Re: [Users] Data Center stuck between "Non Responsive" and "Contending"

2014-01-27 Thread Ted Miller


On 1/27/2014 3:47 AM, Federico Simoncelli wrote:

- Original Message -

From: "Itamar Heim" 
To: "Ted Miller" , users@ovirt.org, "Federico Simoncelli" 

Cc: "Allon Mureinik" 
Sent: Sunday, January 26, 2014 11:17:04 PM
Subject: Re: [Users] Data Center stuck between "Non Responsive" and "Contending"

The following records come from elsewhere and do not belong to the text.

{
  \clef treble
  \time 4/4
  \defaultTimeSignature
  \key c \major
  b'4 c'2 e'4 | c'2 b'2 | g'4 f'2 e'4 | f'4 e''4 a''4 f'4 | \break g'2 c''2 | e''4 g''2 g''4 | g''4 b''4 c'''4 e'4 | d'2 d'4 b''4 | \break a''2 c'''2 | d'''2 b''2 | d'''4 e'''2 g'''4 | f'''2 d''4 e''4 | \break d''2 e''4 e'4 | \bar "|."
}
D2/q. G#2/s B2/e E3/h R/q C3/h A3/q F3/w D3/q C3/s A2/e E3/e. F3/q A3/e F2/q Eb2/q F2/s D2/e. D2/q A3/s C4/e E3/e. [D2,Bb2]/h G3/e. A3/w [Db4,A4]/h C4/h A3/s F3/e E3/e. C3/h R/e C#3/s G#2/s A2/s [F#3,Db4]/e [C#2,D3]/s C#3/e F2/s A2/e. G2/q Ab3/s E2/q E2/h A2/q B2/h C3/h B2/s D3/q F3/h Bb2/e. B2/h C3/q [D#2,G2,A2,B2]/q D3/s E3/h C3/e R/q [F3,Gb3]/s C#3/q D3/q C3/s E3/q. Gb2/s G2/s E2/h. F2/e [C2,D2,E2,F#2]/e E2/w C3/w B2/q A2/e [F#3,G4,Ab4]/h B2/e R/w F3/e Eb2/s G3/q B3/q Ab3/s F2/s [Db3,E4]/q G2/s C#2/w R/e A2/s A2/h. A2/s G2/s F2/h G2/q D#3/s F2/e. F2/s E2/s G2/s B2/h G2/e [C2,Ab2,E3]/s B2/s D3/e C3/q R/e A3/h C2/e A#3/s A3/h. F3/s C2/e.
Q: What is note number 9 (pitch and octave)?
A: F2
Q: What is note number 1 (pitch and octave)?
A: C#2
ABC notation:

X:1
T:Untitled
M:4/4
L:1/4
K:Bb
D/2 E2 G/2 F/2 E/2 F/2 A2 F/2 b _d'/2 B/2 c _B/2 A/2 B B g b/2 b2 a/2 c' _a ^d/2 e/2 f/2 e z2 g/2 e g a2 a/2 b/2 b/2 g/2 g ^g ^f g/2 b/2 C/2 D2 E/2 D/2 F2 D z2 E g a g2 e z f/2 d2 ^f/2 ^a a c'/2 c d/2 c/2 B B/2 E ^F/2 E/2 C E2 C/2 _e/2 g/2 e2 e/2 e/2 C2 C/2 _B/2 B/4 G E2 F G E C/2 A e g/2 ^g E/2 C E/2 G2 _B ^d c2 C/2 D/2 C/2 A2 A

On 01/27/2014 12:00 AM, Ted Miller wrote:

On 1/26/2014 4:00 PM, Itamar Heim wrote:

On 01/26/2014 10:51 PM, Ted Miller wrote:

On 1/26/2014 3:10 PM, Itamar Heim wrote:

On 01/26/2014 10:08 PM, Ted Miller wrote:
is this gluster storage (guessing sunce you mentioned a 'volume')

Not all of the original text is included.